Baseline Step

[JBush]

All,
I have searched through several resources including this forum's search feature and more experienced co-workers and have again returned to Chromforum for help.

I am experiencing a somewhat large "step" in the beginning of my gradient.

Conditions:
Column: Symmetry C18, 4.6x75mm, 3.5um column
Detection: 225nm
MPA = 0.1% Formic acid in water
MPB = 0.08% Formic acid in Acetonitrile
Gradient: T = 30C Flow = 1.5ml/min
time %B
0 5
10 95
11 95
11.1 5
15 5

The step comes at just before 2 minutes and the void volume is approximately 0.65minutes. I have come to the assumption that it is merely a mixing issue and can not be avoided, however it would be comforting to know for sure that there is no way of eliminating this step with the above or similar conditions. Note that a similar method on a longer column seems to near eliminate this step.

[skunked_once]

Try preparing 5% acetonitrile as your mobile phase A then your starting conditions can be 0% B which will avoid the mixing issue if that is the cause. You can also make mobile phase B with 95% acetonitrile then your gradient can be 0-100% over 10 minutes.

[Mark Tracy]

I have seen the step you talk about when using similar conditions. What is happening: The system equilibrates at isocratic conditions of 5% MeCN. A certain amount of UV-absorbing "stuff" is adsorbed on the entire column. Then you start a steep MeCN gradient. The "stuff" desorbs from the column and shows as a step. It is later than void because the new equilibrium lags behind the solvent front, which is a constantly changing gradient.
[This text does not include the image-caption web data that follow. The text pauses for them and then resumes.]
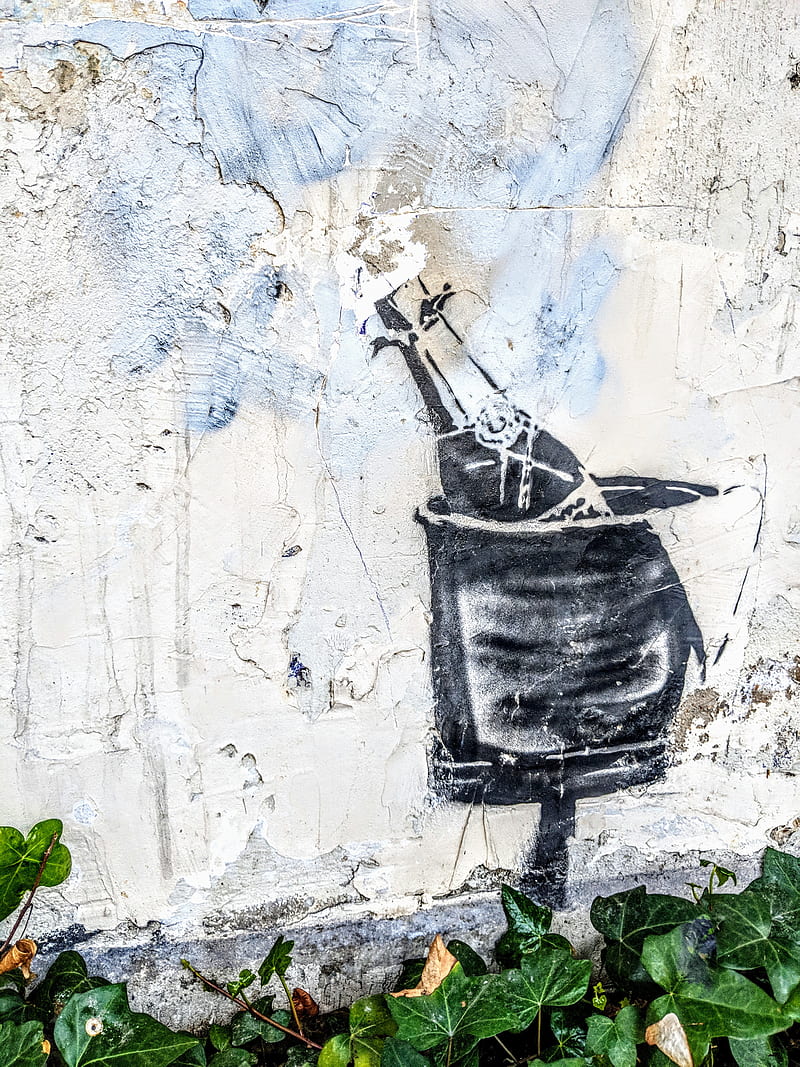 Banksy, champagne, france, graffiti, paris, stencil, street art, HD phone wallpaper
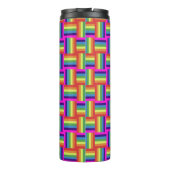 Farbiges Regenbogenblockmuster Thermosbecher (Rückseite)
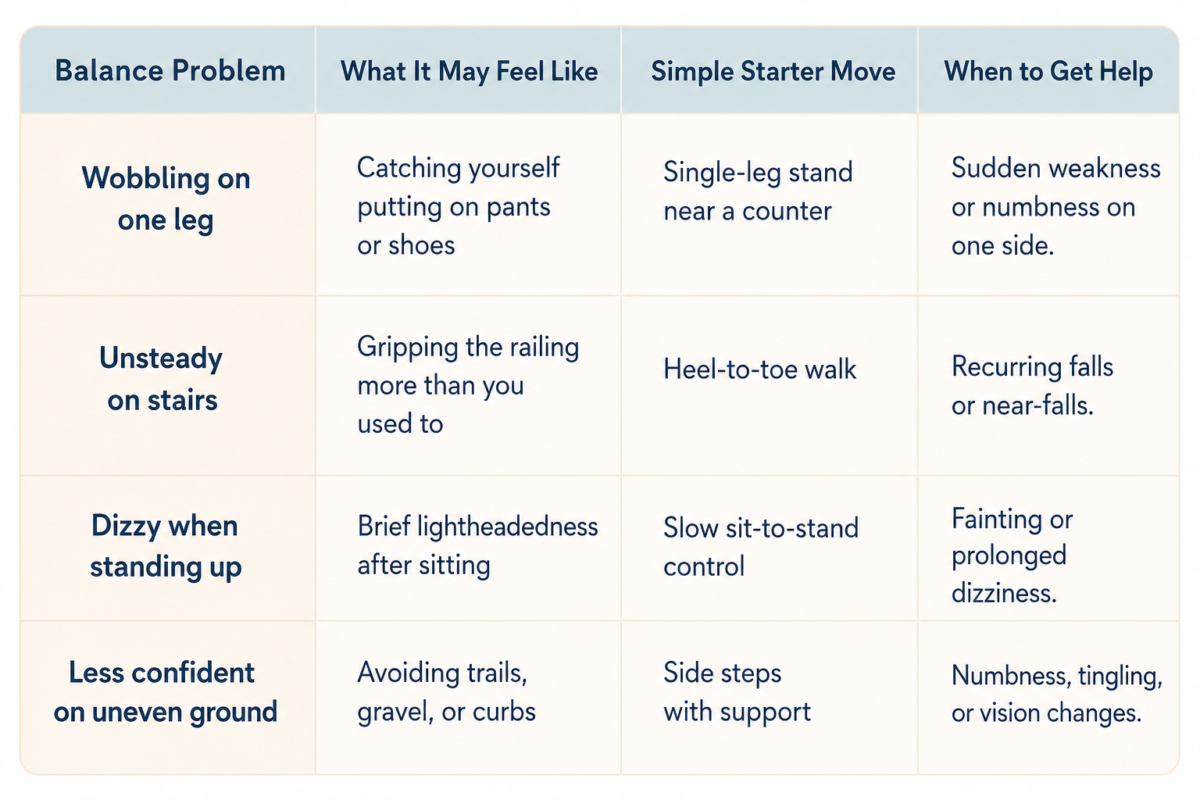 Balance Training After 40 3 Table Comparing Common Balance Problems After 40 To Simple Starter Moves And When To See A Doctor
This desorption effect is much worse for strong "ion-pairing" agents like TFA. Also steep gradients make it worse. Finally, the "stuff" may not be the formic acid itself, but some minor impurity in your water.

This desorption effect also has the effect of magnifying mixing noise, famously a problem for TFA-containing mobile phases. Depending on the design of your LC gradient pump, you may find mixing is not so good at low percentages.

[JBush]

Mark, This desporption effect you speak of makes sense as I am near the lower limit of the pump's abilities to provide the exact amount of mobile phase B (5% +/- 1 or so) It would also explain the odd baseline ripple/spike I am seeing within two minutes (roughly) following my gradient. However, I will try the 5%ACN in MPA as Skunked Once has suggested. The thought had occurred to me but was halted by my supervisor earlier this week. I have some time today to try it and will let you guys know if this helps. Thanks Again!

[JBush]

For those interested, starting my mobile phase A with 5% ACN and running a 0 to 95% organic gradient with the previous mobile phase B did NOT eliminate this baseline step. It was worth a shot and I appreciate the thoughts!

[JA]

JBush,

Does the baseline step occur at the same time when using the long column as it does with the 75 mm column? If it was something being desorbed by the gradient I would expect it to take longer to show.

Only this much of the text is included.